The measure, billed as a deterrent to teen smoking, has pitted health advocates against rural lawmakers who represent tobacco farmers. And it has caused some consternation among legislators who think tax increases during times of plenty are wrong.
Final House approval could come this week, and the fight would then move to the Senate, where the measure is opposed by Senate President Thomas V. Mike Miller Jr. (D-Prince George's). Miller, whose district includes tobacco farmers, has said a $1 tax is too high, but he hasn't said what might be acceptable.
Tobacco farming has a rich history in Maryland, and opponents of the increase argued that some people won't be satisfied until they run the state's remaining farmers out of business by increasing taxes and banning the places where smoking is allowed.
But those arguments were unsuccessful, as House members agreed to increase the cigarette tax by 50 cents a year over the next two years.
If approved by the full General Assembly, the increase would be Maryland's first since 1992. Maryland now adds 36 cents to the cost of each pack of cigarettes, compared with 65 cents in the District and 2.5 cents in Virginia.

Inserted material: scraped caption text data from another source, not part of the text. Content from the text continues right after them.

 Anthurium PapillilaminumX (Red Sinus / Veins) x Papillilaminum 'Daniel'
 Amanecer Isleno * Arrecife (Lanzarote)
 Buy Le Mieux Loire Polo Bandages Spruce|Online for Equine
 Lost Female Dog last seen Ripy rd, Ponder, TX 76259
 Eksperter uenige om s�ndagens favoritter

The new Maryland tax would eventually be $1.36 a pack, higher than the nation's leading $1-a-pack tax levied in Hawaii and Alaska.
At Gov. Parris N. Glendening's urging, D.C. Mayor Anthony A. Williams (D) has said he would consider raising the District's rate if Maryland succeeds in increasing its own tax.

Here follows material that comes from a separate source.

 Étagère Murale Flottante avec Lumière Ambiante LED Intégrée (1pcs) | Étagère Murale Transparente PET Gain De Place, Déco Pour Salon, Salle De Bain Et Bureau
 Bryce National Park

"This is a great victory for the children of Maryland," said Vincent DeMarco, executive director of the Maryland Children's Initiative. "The House of Delegates stood up to the tobacco lobby and defeated all attempts to weaken or kill the bill."

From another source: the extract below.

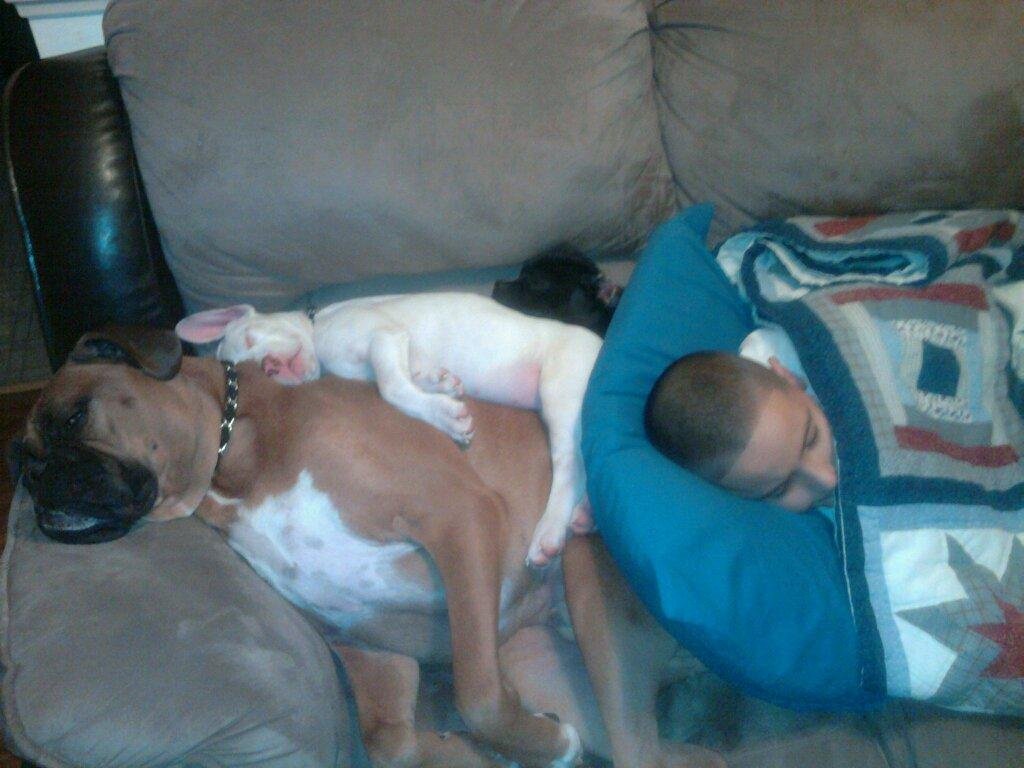 All our puppies fast asleep.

Concerned that Maryland businesses would suffer, some opponents sought to exempt counties contiguous to other states with lower taxes. And on another sticking point, many lawmakers tried to test the theory that the cigarette tax was just a guise to raise taxes and had little to do with discouraging teenagers from smoking.
Del. James F. Ports Jr. (R-Baltimore County) suggested that all residents older than 18 receive tax refunds for the cigarettes they purchase. And Del. Robert L. Flanagan (R-Howard) urged lawmakers to return the money to taxpayers.
"We've got historic revenue," Flanagan said. "We don't need additional revenues."
The proposals failed. But proponents were forced to acknowledge yesterday that the bill isn't just aimed at curbing teen smoking. It's also about raising revenue. As part of his $8.6 billion spending proposal, Glendening (D) essentially dared lawmakers to reject the tax by saying it was necessary to finance popular projects in their districts.
The tax increase would raise $155 million next year and an additional $90 million the following year, according to state estimates. Glendening earmarked a large portion of that revenue for a half-dozen building projects at state colleges and universities.
"A lot of projects are tied to this tax," said House Appropriations Committee Chairman Howard P. Rawlings (D-Baltimore).
At one point in the debate, frustrated representatives from the tobacco-growing region of Southern Maryland suggested the state ban tobacco sales altogether.
"We recognize that tobacco as a cash crop has seen its last days," said Del. John F. Slade III, a Democrat from St. Mary's County. That attempt failed.
In the Senate, Miller, who also represents parts of Southern Maryland, said the $1-a-pack tax is unnecessary in good economic times. But Sen. Barbara A. Hoffman (D-Baltimore) said some form of the cigarette tax will pass the Senate Budget and Taxation Committee she chairs.
Hoffman wouldn't say how much, but Sen. Christopher Van Hollen Jr. (D-Montgomery), a member of the committee and a supporter of the $1 tax said, "I'm optimistic we'll get a healthy tax out of the committee."